HDOJ 2582 f(n)

Discription

This time I need you to calculate the f(n) . (3<=n<=1000000) 

f(n)= Gcd(3)+Gcd(4)+…+Gcd(i)+…+Gcd(n). 
Gcd(n)=gcd(C[n][1],C[n][2],……,C[n][n-1]) 
C[n][k] means the number of way to choose k things from n some things. 
gcd(a,b) means the greatest common divisor of a and b.

Input

There are several test case. For each test case:One integer n(3<=n<=1000000).

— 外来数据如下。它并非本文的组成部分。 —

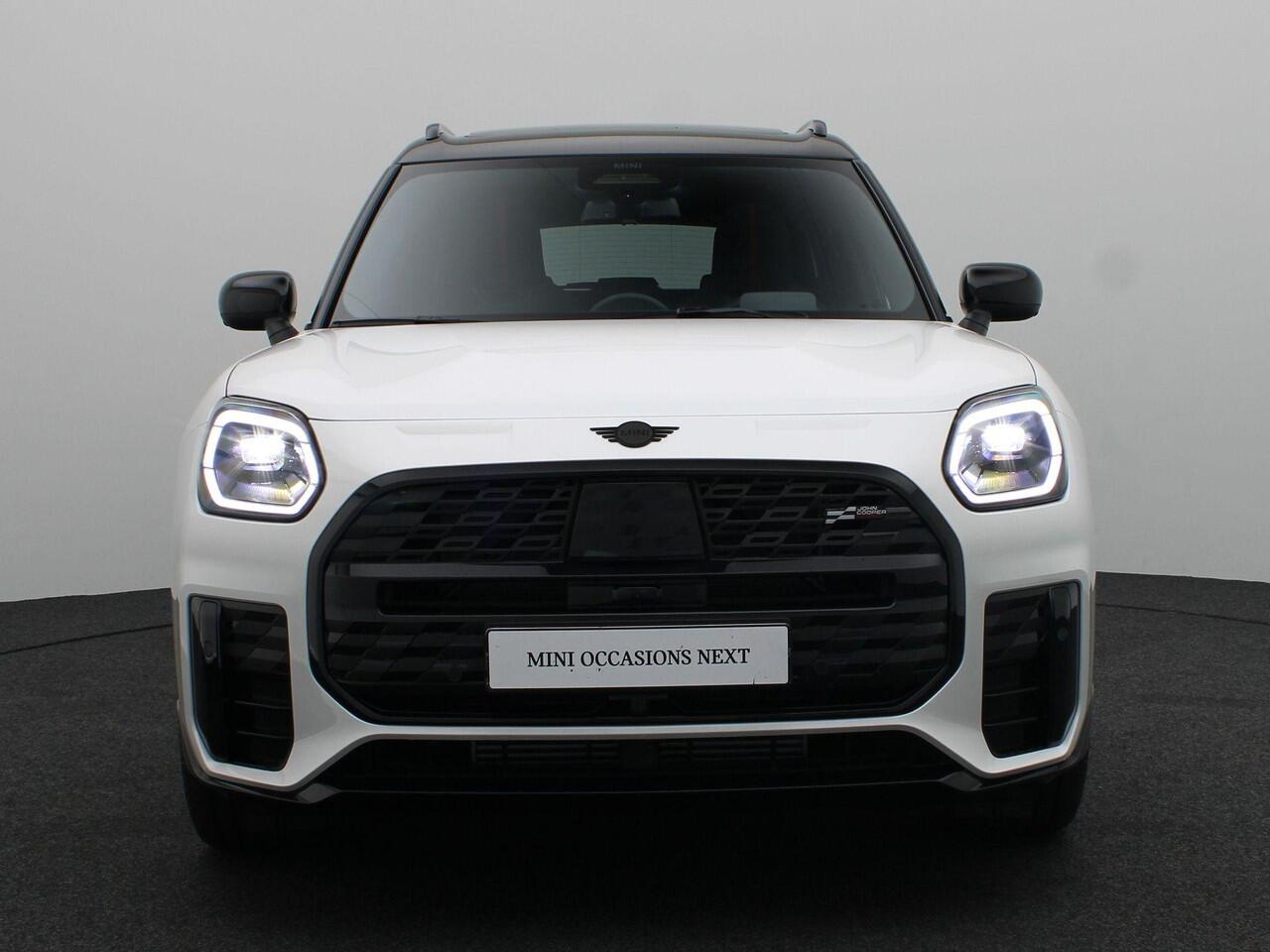 Mini COUNTRYMAN John Cooper Works Pakket XL + Glazen panoramadak + Parking Assistant Plus + Driving Assistant Professional + Harman Kardon + Trekhaak + 20''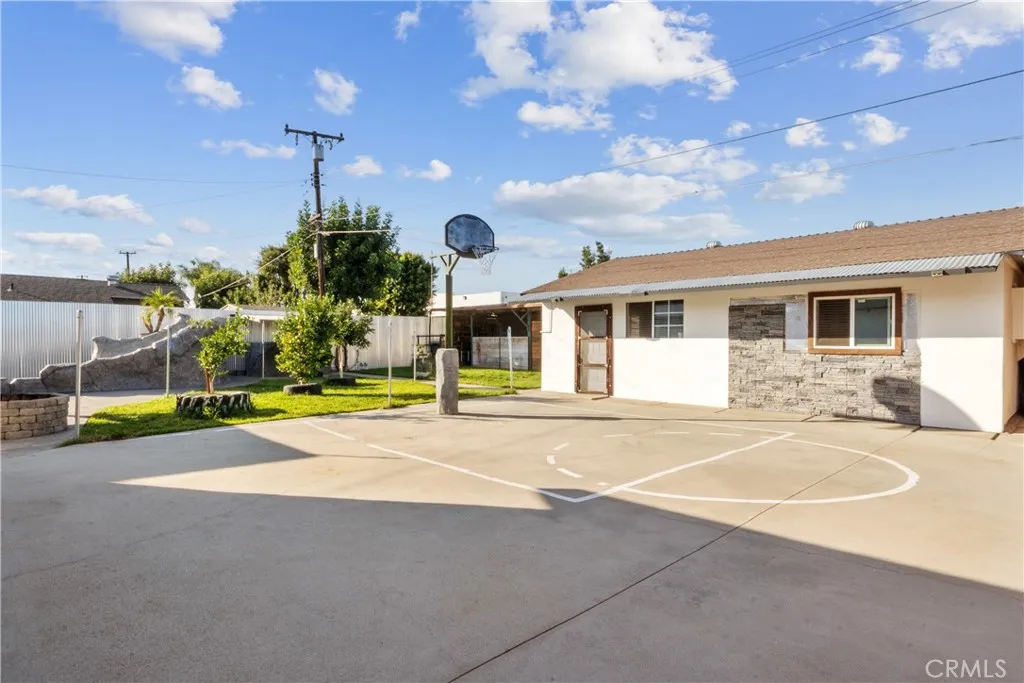 603 W Cully, Orange, California 92865 home-pic-11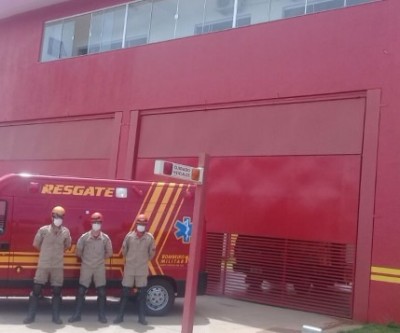 Bombeiros salvam a vida de recém-nascido engasgado com leite materno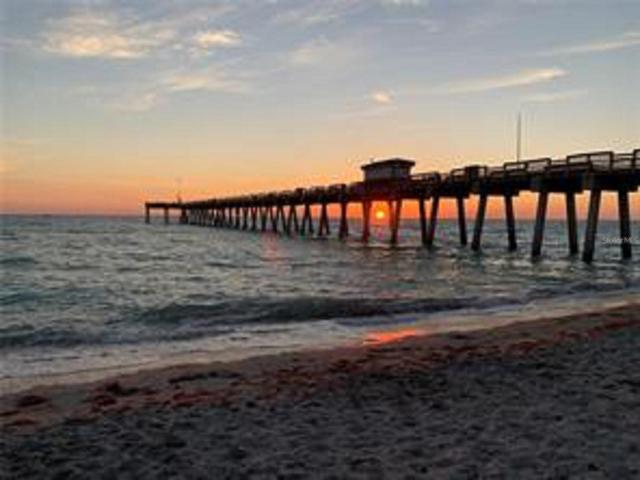 The Pier at Sharky's/Fins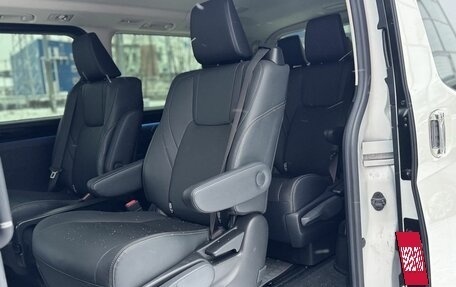 Toyota HiAce H300, 2021 год, 11 500 000 рублей, 5 фотография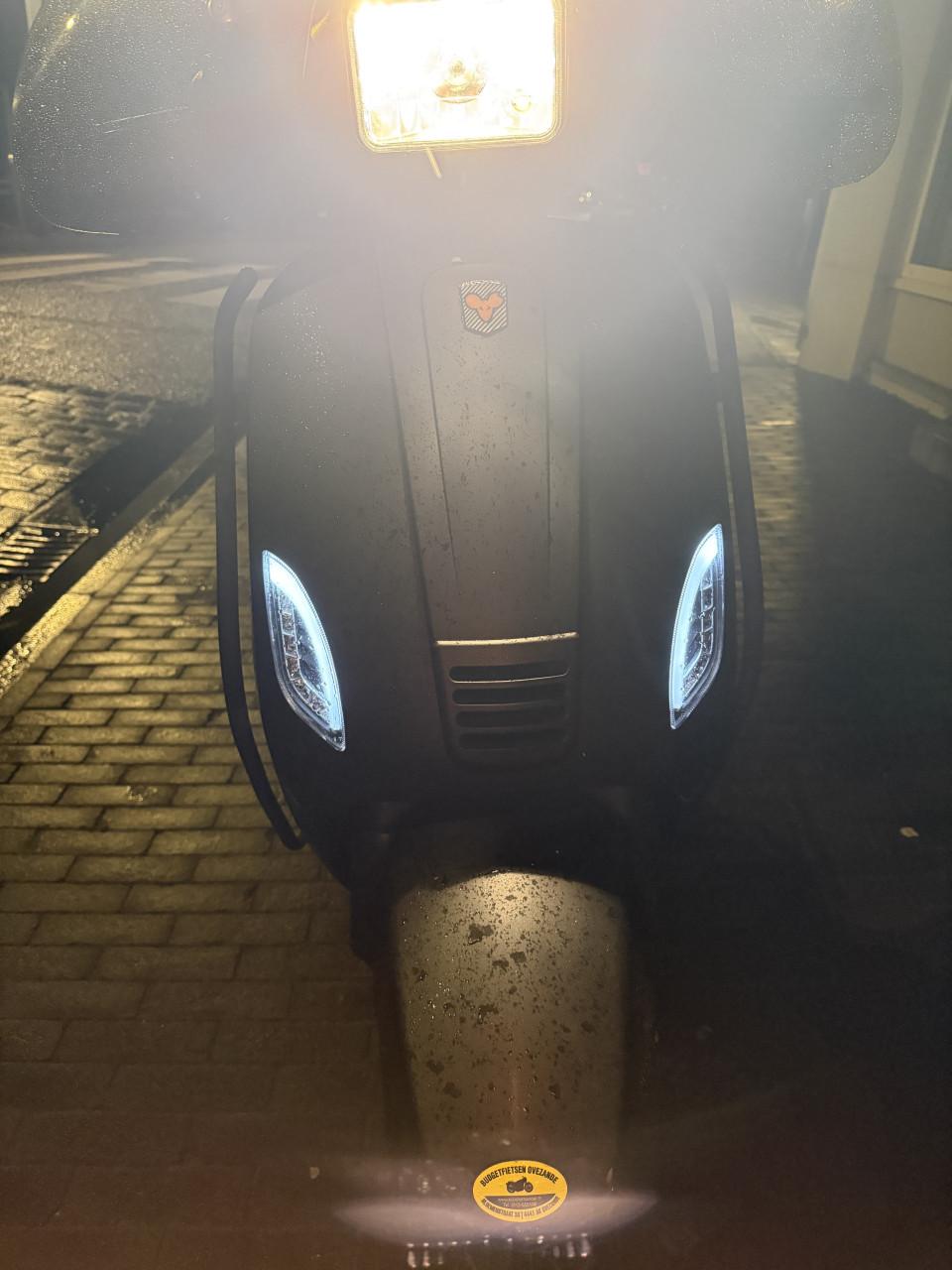 La Souris Sourini Special Edition Matt Black Geel kenteken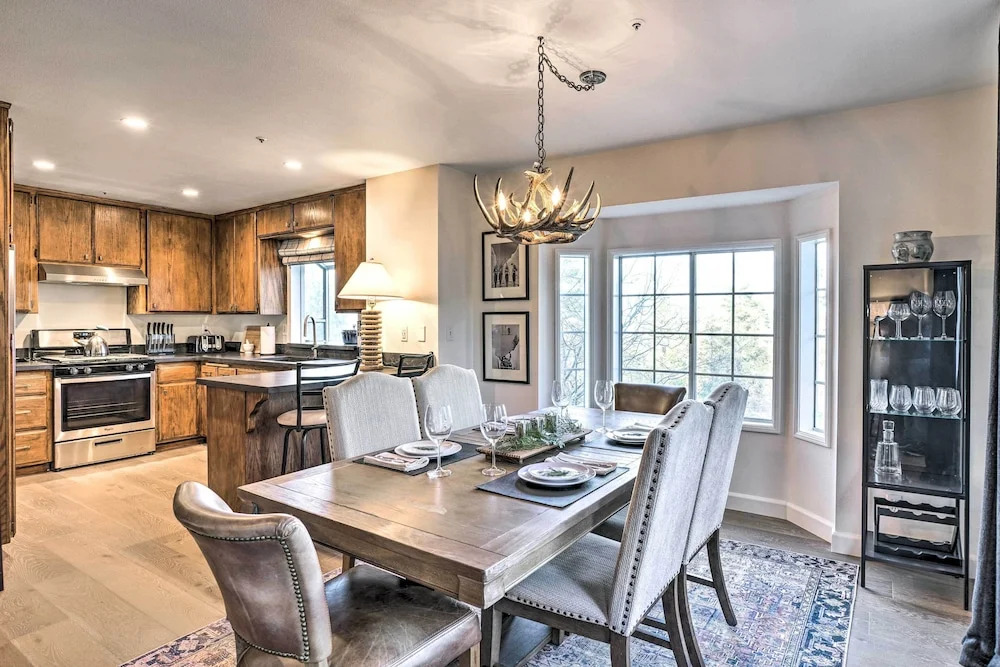 Luxe Lake Arrowhead Getaway w/ Treetop Views!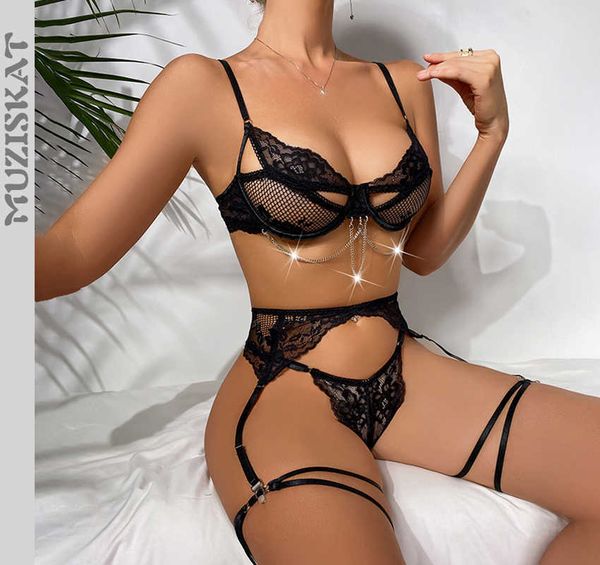 Conjunto sexy Ropa interior de encaje de mujer Brasil Conjuntos de lencería de mujer más vendidos Conjunto de lencería de encaje ultrafino Completo 4 Conjunto de lencería exótica con cadenas P230428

The end of the in put file is EOF.

Output

For each test case: 
The output consists of one line with one integer f(n).

Sample Input

3
26983

Sample Output

3
37556486


本来毫无思路，然而打了个表找了找规律，发现Gcd(x)无非两种情况：
1.当x=p^q时，其中p为质数，那么Gcd(x)=p
2.其他的时候Gcd(x)=1

然后就是个水题了

#include<bits/stdc++.h>
#define ll long long
#define maxn 1000000
using namespace std;
int zs[maxn/5],t=0,n;
ll f[maxn+5];
bool v[maxn+5];

inline void init(){
    for(int i=2;i<=maxn;i++){
        if(!v[i]) f[i]=i,zs[++t]=i;
        for(int j=1,u;j<=t&&(u=zs[j]*i)<=maxn;j++){
            v[u]=1;
            if(!(i%zs[j])){
                f[u]=f[i];
                break;
            }
            f[u]=1;
        }
    }
    
    for(int i=4;i<=maxn;i++) f[i]+=f[i-1];
}

int main(){
    init();
    while(scanf("%d",&n)==1) printf("%lld
",f[n]);
    return 0;
}